We wanted to appeal Hernandez’s ruling as it’s doubtful any three-judge panel of the First Circuit would have upheld his ruling. State agencies, with infinite resources of taxpayer dollars, routinely appeal rulings knowing they stand no chance of being overturned.  LouisianaVoice readers may recall an article on the CNSI trial in which Judge Kelley told the state’s attorneys “there is nothing to appeal because this matter is that clear,” regarding Bruce Greenstein having waived attorney-client privilege. Nevertheless, at a cost approximating $30,000, the state appealed Kelley’s ruling, only for it to be upheld.

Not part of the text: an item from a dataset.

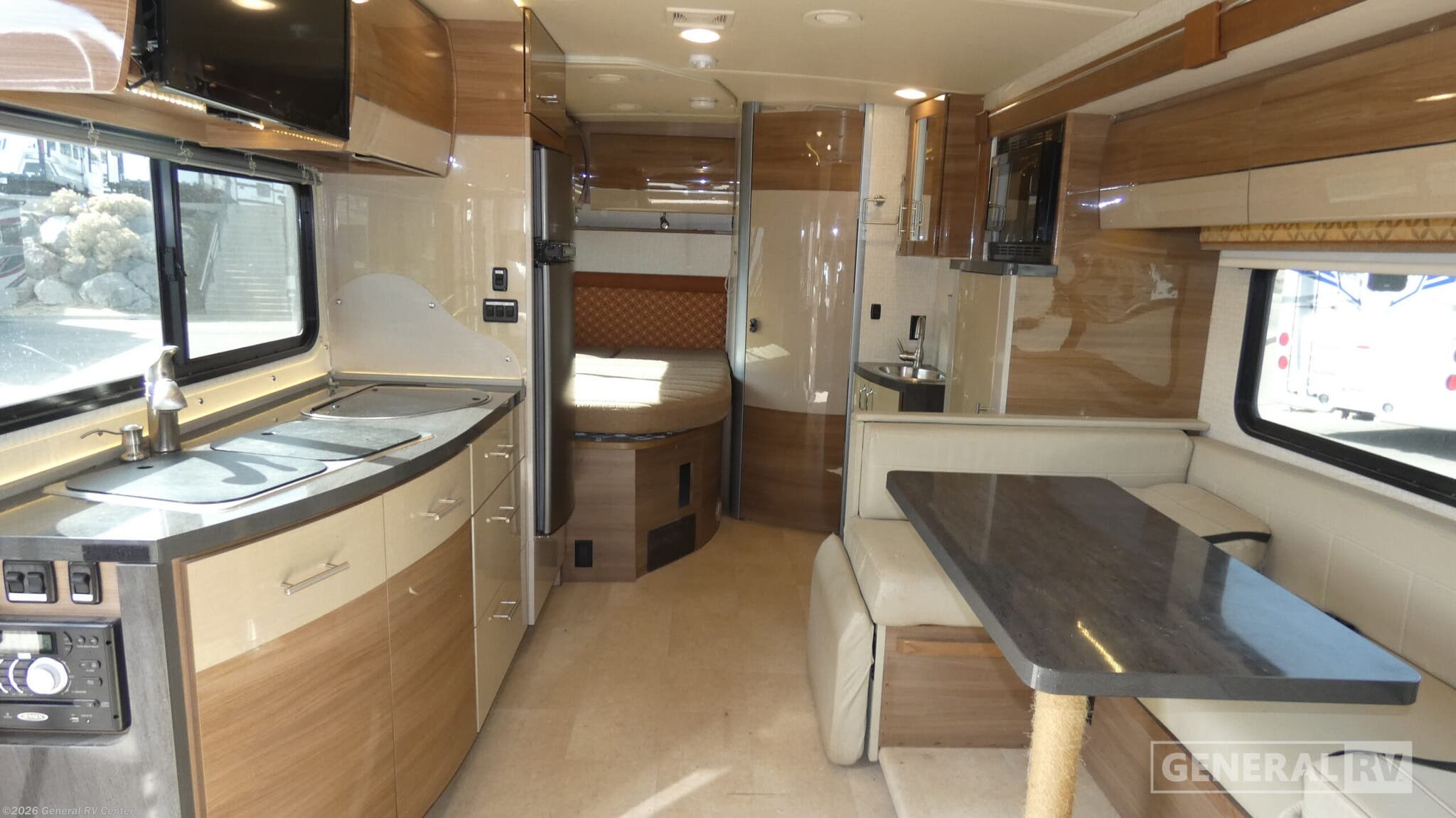 2016 Winnebago View 24J - Used Class C For Sale by General RV Center in Draper, Utah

My attorney informed me it would cost about $9,000 to appeal Hernandez’s ruling and even if we prevailed, there was no way to recover that $9,000. Hence, we had little choice but to walk away. That’s why Judge Caldwell’s “split the baby” ruling in the Tom Aswell’s public records request lawsuit last week felt like such a victory from my vantage point. A judge finally provided some relief to the “small guy.”